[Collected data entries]
_ _ _

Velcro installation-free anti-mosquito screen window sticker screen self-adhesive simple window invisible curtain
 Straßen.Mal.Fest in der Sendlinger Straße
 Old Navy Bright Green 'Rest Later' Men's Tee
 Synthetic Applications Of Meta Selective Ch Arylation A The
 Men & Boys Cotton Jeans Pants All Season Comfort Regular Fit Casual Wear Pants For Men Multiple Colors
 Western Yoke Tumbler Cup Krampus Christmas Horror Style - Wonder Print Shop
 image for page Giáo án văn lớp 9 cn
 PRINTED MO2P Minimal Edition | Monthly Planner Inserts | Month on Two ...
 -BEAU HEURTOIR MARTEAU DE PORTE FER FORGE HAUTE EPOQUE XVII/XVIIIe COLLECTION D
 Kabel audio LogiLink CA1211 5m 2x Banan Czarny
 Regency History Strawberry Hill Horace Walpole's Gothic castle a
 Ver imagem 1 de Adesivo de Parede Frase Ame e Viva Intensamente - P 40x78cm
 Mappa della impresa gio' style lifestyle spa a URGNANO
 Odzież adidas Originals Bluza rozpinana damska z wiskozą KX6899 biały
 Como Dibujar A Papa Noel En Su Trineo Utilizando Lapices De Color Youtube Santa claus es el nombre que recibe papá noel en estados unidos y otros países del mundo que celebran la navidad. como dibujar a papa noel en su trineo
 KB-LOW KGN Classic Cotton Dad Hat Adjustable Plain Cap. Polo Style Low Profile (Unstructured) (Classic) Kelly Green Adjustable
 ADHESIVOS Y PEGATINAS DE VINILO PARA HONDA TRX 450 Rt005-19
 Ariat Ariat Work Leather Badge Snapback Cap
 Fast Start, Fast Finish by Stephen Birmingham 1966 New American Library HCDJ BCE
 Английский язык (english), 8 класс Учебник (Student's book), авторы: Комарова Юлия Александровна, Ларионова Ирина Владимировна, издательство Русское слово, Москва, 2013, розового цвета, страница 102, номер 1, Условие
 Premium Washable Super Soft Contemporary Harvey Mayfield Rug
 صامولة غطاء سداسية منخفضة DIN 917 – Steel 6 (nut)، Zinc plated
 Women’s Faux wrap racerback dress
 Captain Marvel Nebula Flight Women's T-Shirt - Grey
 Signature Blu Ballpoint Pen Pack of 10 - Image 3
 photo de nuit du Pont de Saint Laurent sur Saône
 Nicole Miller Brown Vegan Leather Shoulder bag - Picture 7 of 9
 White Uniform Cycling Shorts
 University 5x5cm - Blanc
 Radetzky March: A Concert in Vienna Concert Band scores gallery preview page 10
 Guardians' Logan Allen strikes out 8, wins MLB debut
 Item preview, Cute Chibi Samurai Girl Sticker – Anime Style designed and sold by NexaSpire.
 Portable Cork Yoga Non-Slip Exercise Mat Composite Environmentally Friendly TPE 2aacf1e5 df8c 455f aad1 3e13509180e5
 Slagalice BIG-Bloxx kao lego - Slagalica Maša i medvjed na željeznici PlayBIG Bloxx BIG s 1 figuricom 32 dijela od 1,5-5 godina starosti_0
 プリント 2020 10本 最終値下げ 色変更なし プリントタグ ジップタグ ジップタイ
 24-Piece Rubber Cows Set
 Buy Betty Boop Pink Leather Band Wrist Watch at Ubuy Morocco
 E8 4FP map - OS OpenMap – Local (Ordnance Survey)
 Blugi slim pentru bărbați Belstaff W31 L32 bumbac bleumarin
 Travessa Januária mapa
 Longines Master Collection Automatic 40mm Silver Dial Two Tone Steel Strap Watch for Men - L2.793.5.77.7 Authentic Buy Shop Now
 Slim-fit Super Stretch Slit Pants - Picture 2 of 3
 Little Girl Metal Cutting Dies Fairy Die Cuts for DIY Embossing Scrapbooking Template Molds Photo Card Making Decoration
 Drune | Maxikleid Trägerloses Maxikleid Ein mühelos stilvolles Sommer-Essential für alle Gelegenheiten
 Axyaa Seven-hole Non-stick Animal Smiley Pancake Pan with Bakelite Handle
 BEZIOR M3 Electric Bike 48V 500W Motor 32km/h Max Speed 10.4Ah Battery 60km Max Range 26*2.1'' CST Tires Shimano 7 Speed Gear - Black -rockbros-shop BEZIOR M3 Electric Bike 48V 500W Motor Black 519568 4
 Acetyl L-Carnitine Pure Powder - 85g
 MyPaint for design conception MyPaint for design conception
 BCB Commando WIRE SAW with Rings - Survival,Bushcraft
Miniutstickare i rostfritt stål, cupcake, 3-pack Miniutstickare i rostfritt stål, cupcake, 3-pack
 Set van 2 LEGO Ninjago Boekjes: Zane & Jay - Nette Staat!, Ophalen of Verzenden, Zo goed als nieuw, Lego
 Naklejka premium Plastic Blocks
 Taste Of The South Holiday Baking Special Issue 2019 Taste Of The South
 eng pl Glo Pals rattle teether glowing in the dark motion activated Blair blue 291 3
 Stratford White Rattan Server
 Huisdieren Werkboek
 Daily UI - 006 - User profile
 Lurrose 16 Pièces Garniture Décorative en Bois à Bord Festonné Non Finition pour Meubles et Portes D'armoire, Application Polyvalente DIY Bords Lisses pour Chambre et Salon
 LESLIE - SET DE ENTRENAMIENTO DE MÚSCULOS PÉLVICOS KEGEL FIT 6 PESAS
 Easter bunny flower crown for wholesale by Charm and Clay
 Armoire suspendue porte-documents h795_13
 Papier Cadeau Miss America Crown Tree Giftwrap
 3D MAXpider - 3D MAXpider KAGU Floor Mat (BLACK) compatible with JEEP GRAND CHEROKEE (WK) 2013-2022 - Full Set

_ _ _

__The problem__
What is needed is an exact copy of the entries from their first line down to the line with "PRINTED MO2P Minimal", that line included, and nothing beyond it.

__Task result__
Velcro installation-free anti-mosquito screen window sticker screen self-adhesive simple window invisible curtain
 Straßen.Mal.Fest in der Sendlinger Straße
 Old Navy Bright Green 'Rest Later' Men's Tee
 Synthetic Applications Of Meta Selective Ch Arylation A The
 Men & Boys Cotton Jeans Pants All Season Comfort Regular Fit Casual Wear Pants For Men Multiple Colors
 Western Yoke Tumbler Cup Krampus Christmas Horror Style - Wonder Print Shop
 image for page Giáo án văn lớp 9 cn
 PRINTED MO2P Minimal Edition | Monthly Planner Inserts | Month on Two ...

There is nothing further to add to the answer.